In some embodiments, the field strength is at least 0.5 MHz (e.g., at least 1 MHz, at least 10 MHz, at least 20 MHz, at least 30 MHz, at least 40 MHz, at least 50 MHz, at least 60 MHz, at least 70 MHz, at least 80 MHz, or at least 90 MHz). In some embodiments, the field strength is 100 MHz or less (e.g., 90 MHz or less, 80 MHz or less, 70 MHz or less, 60 MHz or less, 50 MHz or less, 40 MHz or less, 30 MHz or less, 20 MHz or less, or 10 MHz or less). The magnetic field strength can be present in an amount ranging from any of the minimum values described above to any of the maximum values described above. For example, in some embodiments, the magnetic field strength may be between 0.5 MHz and 100 MHz (e.g., between 0.5 and 4 MHz, between 4 and 20 MHz, between 20 and 60 MHz, or between 60-100 MHz). In some embodiments, the magnetic field strength of any commercially available NMR spectrometer may be utilized (e.g., up to 1.2 GHz). In some embodiments, magnetic field strengths of approximately 2 MHz and 42 MHz may be utilized. Although data from one measurement frequency may be sufficient, comparing the NMR data at these two frequencies may aid in determining fluid saturations in the core samples. These values are determined by the instruments available in our laboratory, and they may not be optimal for the fluids present in a particular reservoir. The ideal measurement frequencies for particular rock and/or fluid types (such as in the unconventional area) is a subject of ongoing research, so tests may be applied using instruments with other values of the NMR measurement frequencies, or using a different number of measurement frequencies.

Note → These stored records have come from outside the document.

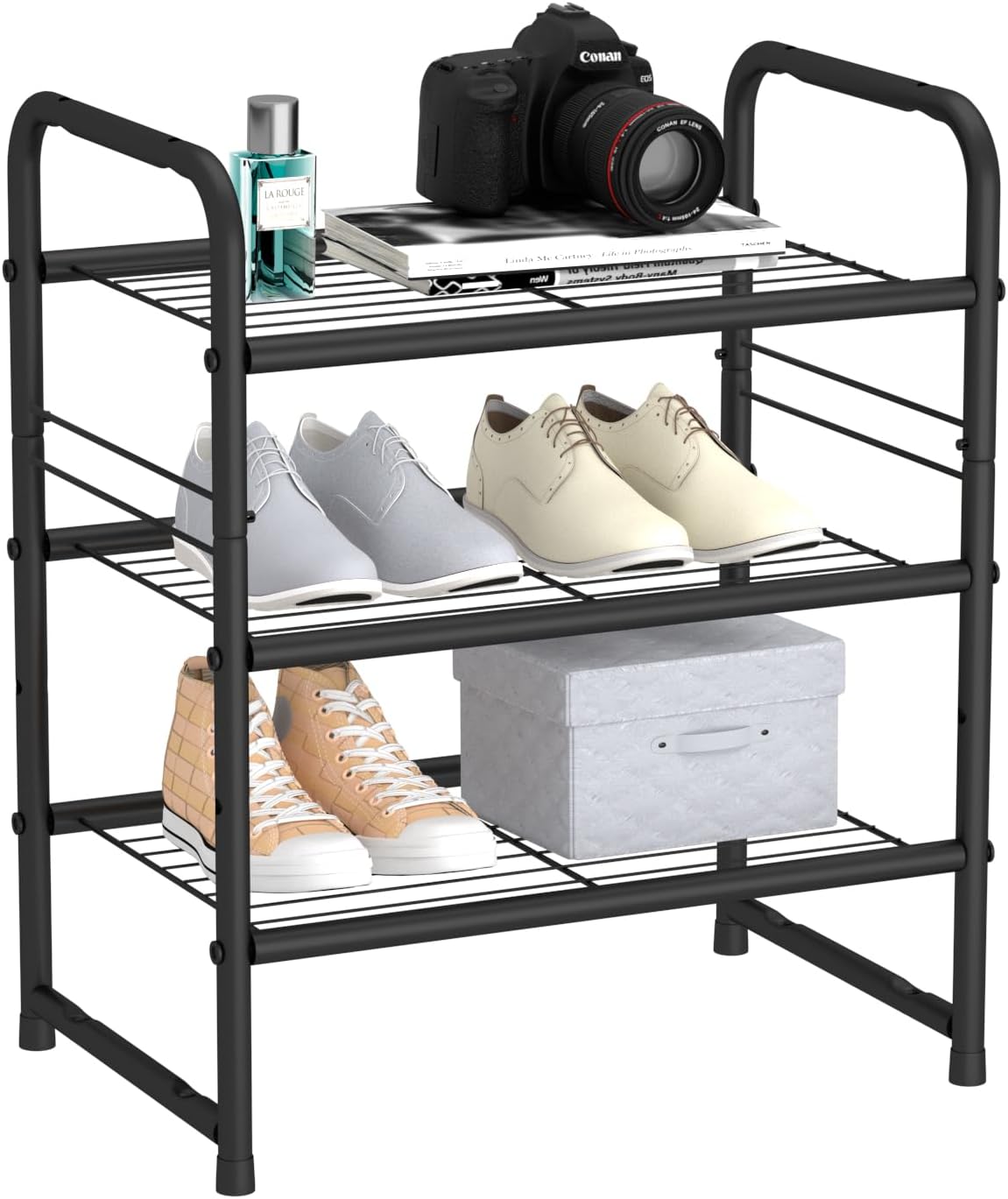 Amazon.com: wkokos Compact Wire Shoe Rack Shelf, Space-Saving Stackable ...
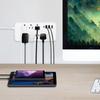 12-в-1   Удлинитель-сетевой фильтр Плоская вилка Сетевой фильтр с   Шнуром 8 розеток и 3 USB и 1   Порт 1700 Дж Крепление на стену Настольный P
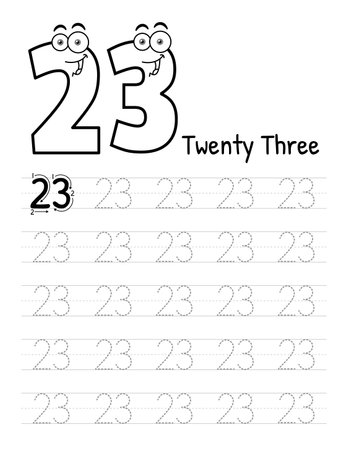 Number Tracing Interior For Kids. Children Writing Worksheet. Premium Vector Elements.のイラスト素材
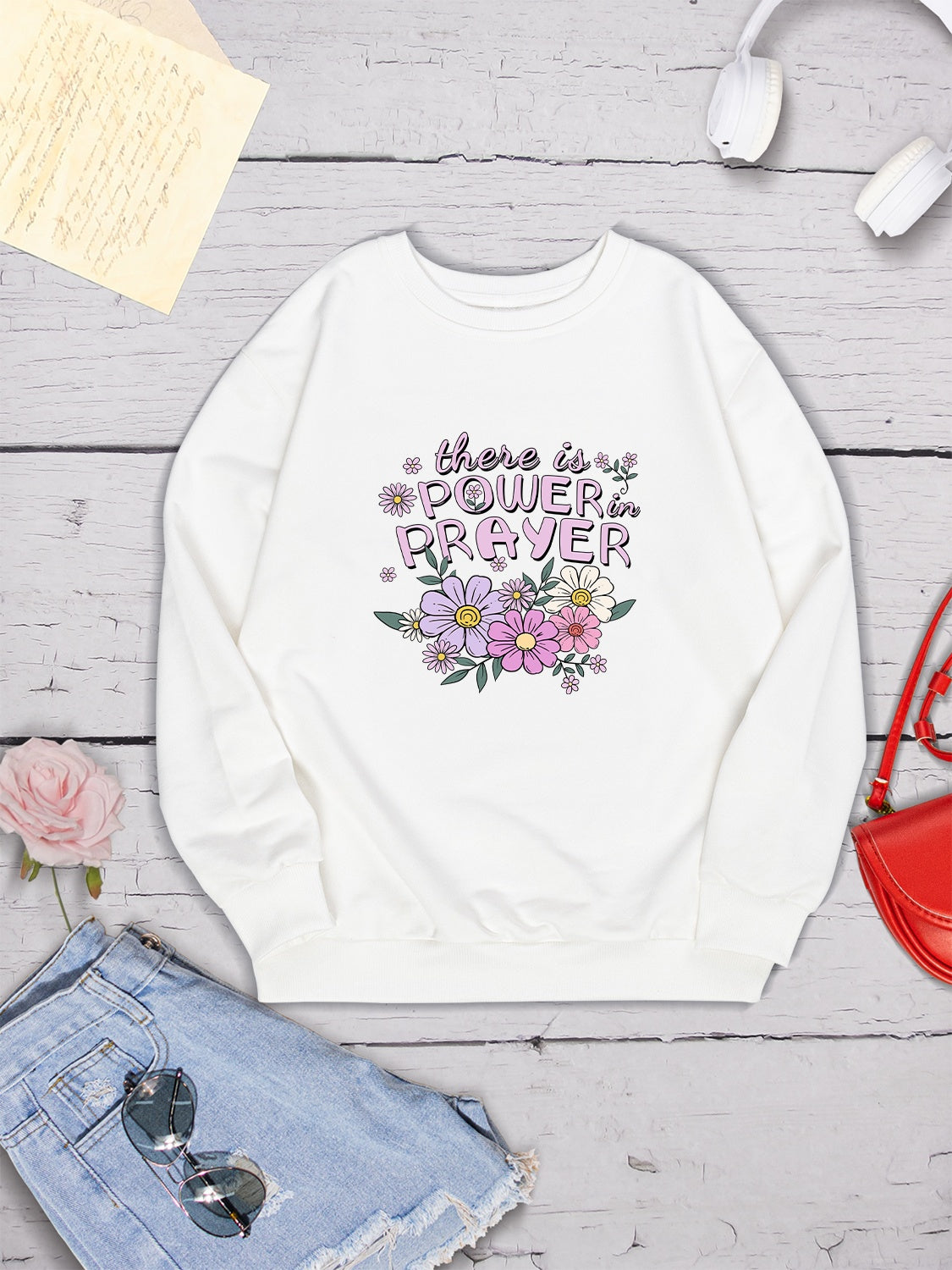 THERE IS POWER PRAYER Round Neck Sweatshirt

NMR spectra, in particular those that include T1 and/or T2 axes, can be used to characterize the sizes and types of pores in a sample, and the fluids contained therein (both quantity and kind). For example, in a shale sample, the NMR spectrum can distinguish between organic and inorganic pores. In a core sample from a conventional reservoir (such as a carbonate or sandstone), the NMR spectrum can be related to the distribution of pore sizes present. Clay-bound and/or capillary-bound fluids can also be distinguished from free fluid. As a core sample is depressurized, measured changes in the NMR spectrum can be analyzed to determine changes in the fluid saturations of different subsets of pores in the sample, such as different pore types or different pore sizes.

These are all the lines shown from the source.